Recently, the researchers have developed a growing interest in applying multivariate pattern analysis (MVPA) to develop brain signatures for clinical diagnoses in relevant mental disorders (Woo et al., 2017). Relative to traditional univariate analysis, the MVPA bears two strengths. First, MVPA takes the inter-correlation between voxels into consideration and thus might be more sensitive in detecting subtle and spatially distributed alterations. Second, MVPA allows statistical inferences at the single-subject level and thus could be used to make diagnostic decisions of individual patients (Vieira et al., 2017). Meanwhile, MVPA methods have been successfully used to differentiate OCD participants from control subjects based on diffusion MRI (Li et al., 2014), structural MRI (Hu et al., 2016), as well as task-based fMRI (Weygandt et al., 2012). However, no MVPA studies have investigated the utility of ReHo maps for distinguishing OCD subjects from HCS.

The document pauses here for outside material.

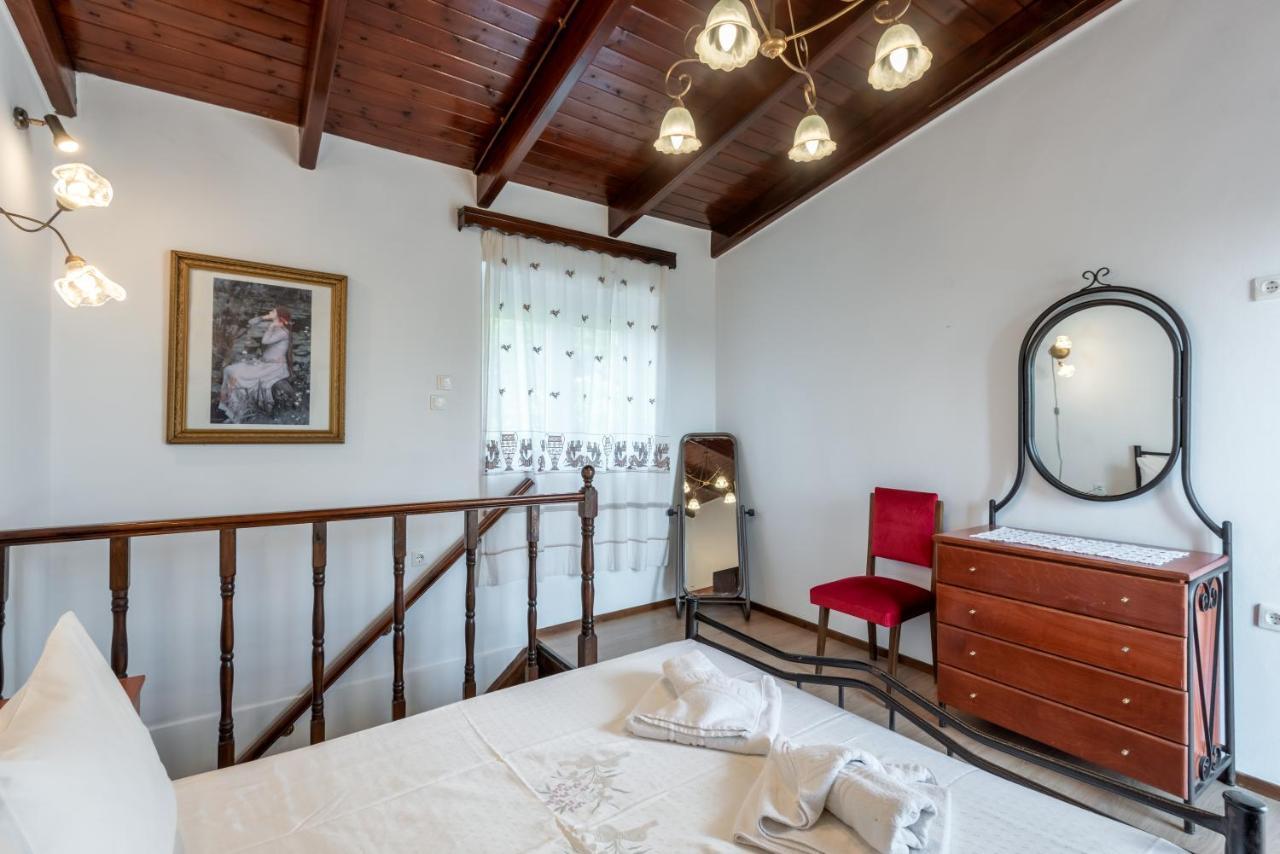 Aroni Cretan Comfortable House - Hamam Suites Aroni ภายนอก รูปภาพ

Therefore, we aimed to apply both univariate analysis and support vector machine (SVM) method to evaluate the alterations of ReHo in a relatively large sample of medication-free patients with OCD. The SVM discrimination algorithm is a widely used MVPA approach. In the SVM analysis, the data points are first projected into the high-dimensional space and subsequently classified based on the principle of maximizing the margin between categories (Orrù et al., 2012). The SVM classification process constitutes two procedures: training and testing. In the training stage, a decision boundary is identified by the SVM classifier to separate the examples into the input space according to their class labels (i.e., OCD vs. HCS). In the testing phase, as soon as the optimized hyperplane is established from the training dataset, it can be utilized to make predictions for the class label of a new testing example to determine its generalizability (Noble, 2006). We hypothesized that the SVM analysis of the ReHo maps: (1) would potentially be able to discriminate individual patients with OCD from healthy controls; and (2) provided information on neurobiological changes that will potentially help to elucidate the mechanisms that cause OCD.

Materials and Methods

Participants

All the subjects were right-handed individuals with ages between 18 and 60 years. Patients with OCD were enrolled from the West China Hospital of Sichuan University. The diagnosis of OCD was determined by three experienced clinical psychiatrists (YY, BL, and WT with 32, 18, and 11 years of experience in clinical psychiatry, respectively) by using the Structured Clinical Interview for Diagnostic and Statistical Manual of Mental Disorders, Fourth Edition (DSM-IV; Patient Edition) to exclude anxiety disorder, Tourette syndrome, major depressive disorder, schizophrenia, bipolar disorder, or any other axis I psychiatric comorbid disorders. The symptom severity of OCD was rated according to the Yale–Brown Obsessive Compulsive Scale (Y-BOCS). The anxiety symptom severity was assessed by the 14-item Hamilton Anxiety Scale (HAMA). The depressive symptom severity was evaluated based on the 17-item Hamilton Depression Scale (HAMD). All the patients with OCD experienced a washout period of 4 weeks from any treatment before the image data acquisition. Healthy controls were recruited by a poster and were screened using the structured clinical interview for DSM-IV axis I disorders (SCID) (non-patient edition) in order to ensure the absence of neurological and mental diseases. All the HCS reported that their first-degree relatives did not have a history of mental illness or neurological diseases. The exclusion criteria applied to both OCD patients and HCS were listed as follows: (1) the existence of neurological diseases or other mental disorders; (2) any history of cardiovascular diseases, metabolic disorders, or major physical illness; (3) alcohol or drug dependance; and (4) pregnancy. The above assessments were evaluated by two experienced psychiatrists. Written informed agreement was obtained from each participant before the research procedure was initiated. The Ethics Committee of West China Hospital approved the present study.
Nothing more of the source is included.